The great paradox with consciousness is that the more aware we are about anything the less we know about everything. When we begin our lives, we are aware of everything available to our senses. Our imaginations and our intuitions are unlimited in their variety and clairvoyance. As we grow older, as our knowledge base grows with our experiences, we become more analysts and predictors of what we have come to expect, than visionaries about what could be. In our materialistic world of course, it is very beneficial to be able to predict outcomes of our actions , i.e. the actions of others. We tend to favor an immediate analysis and decision about the next actions we may take than opening our minds to new possibilities. We tend to think of other possibilities as wishful thinking not rational reasoning. The paradox then is; the more we think we know, the less we can consider.
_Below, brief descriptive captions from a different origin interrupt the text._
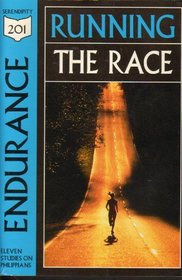Endurance: Running the Race, Studies from Philippians (201 Deeper Bible Study)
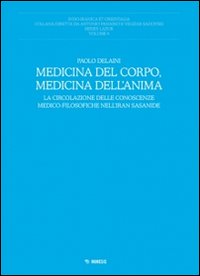 Medicina del corpo, medicina dell'anima. La circolazione delle conoscenze medico-filosofiche nell'Iran sasanide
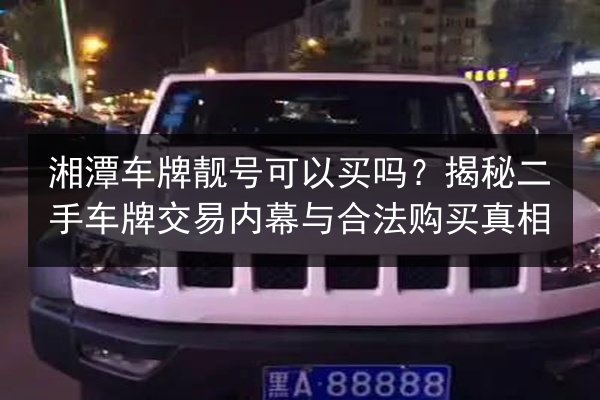 湘潭车牌靓号可以买吗?揭秘二手车牌交易内幕与合法购买真相 第2张 湘潭车牌靓号可以买吗?揭秘二手车牌交易内幕与合法购买真相 第2张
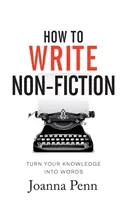 Cum să scrii non-ficțiune: Transformă-ți cunoștințele în cuvinte - How To Write Non-Fiction: Turn Your Knowledge Into Words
This makes sense. The more familiar or knowledgeable we are about any specific area of consideration, the more we factor that consideration into our world view of, well, everything.  This filtering of information is what our consciousness does. Our senses of sight, touch, smell, feeling and hearing filter in our observations, then our instincts, memories and knowledge analyze it and decide what to do about it. So, we are limited in our point of view (senses) and our perspective (understanding) about the world around us. Our consciousness naturally evaluates the probability of various outcomes based on our subjective view and understanding of the situation and then draws conclusions and formulates  the best plan of action.
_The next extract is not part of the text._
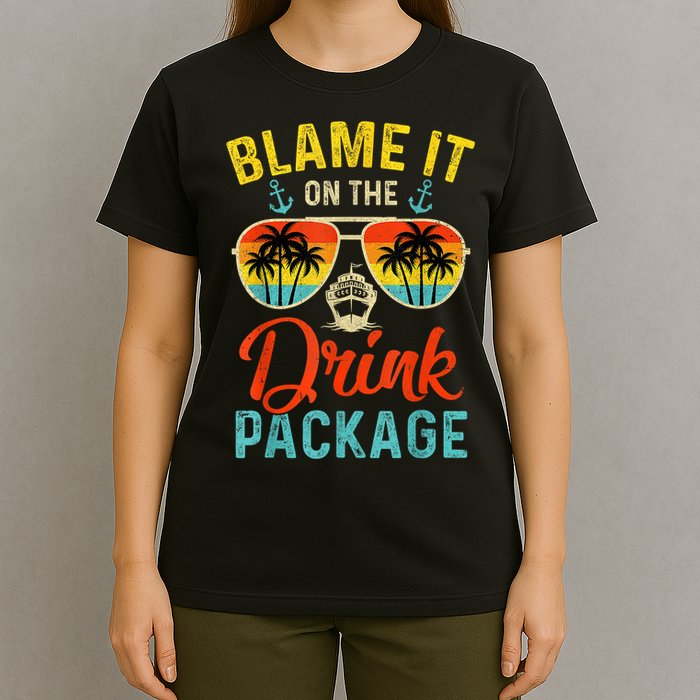 Blame It On The Drink Package Cruise Cruising Matching T-Shirt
Intelligence plays a significant role in our consciousness too. Let’s draw a distinction here. Knowledge is what we think we know about anything. Intelligence is how accurately we can evaluate the relationships between “known” facts and the probabilities of various possible scenarios. Some of us can see more possibilities and evaluate probabilities better than others. This makes us more intelligent. Some of us know more facts about more things, this makes us smarter. While the two can go hand in hand, the distinction is important.
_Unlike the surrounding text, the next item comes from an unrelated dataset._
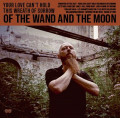 Of The Wand And The Moon - Your Love can't hold this Wreath of Sorrow (CD)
Regardless our capacity for knowledge or intelligence, there is limit to our cognitive power caused by the effect of filters on our awareness that limit our consciousness.

Our intelligence makes us rely on our knowledge. The higher our level of intelligence, our reasoning power, the more we are likely to be limited by what we know. Our instincts are a form of intelligence that is also limited by knowledge but does not allow us to use our reasoning power. Instinct is a reflex action that is not reasoned but is learned.

Our consciousness is subjective. If our knowledge was not filtered by our limited awareness then we would have access to all knowledge, thus making us omniscient and our consciousness would no longer be subjective it would know the objective truth. If our awareness was objective then our intelligence would be absolute in its ability to predict the outcomes of our actions, making us omnipotent. If our conscious was not limited to our proximity to our existence, we would be everywhere all at once. We would be omnipresent.  If our consciousness was omniscient, omnipotent and omnipresent we would be God.

Our subjective consciousness also provides us with our private feelings about our reality. Our reality is the subjective, filtered intellectualized version of the truth that is the omniscient, omnipotent and omnipresent facts of our existence. How we feel cannot be resolved by an algorithmic expression. It is personal and what makes our subjective consciousness irreplicable by computer programs or any version of AI. It is what makes us unique, interesting and unpredictable. All the qualities you don’t want AI to have. Scientist don’t know how feelings are developed in the consciousness. They are our secret door to our souls.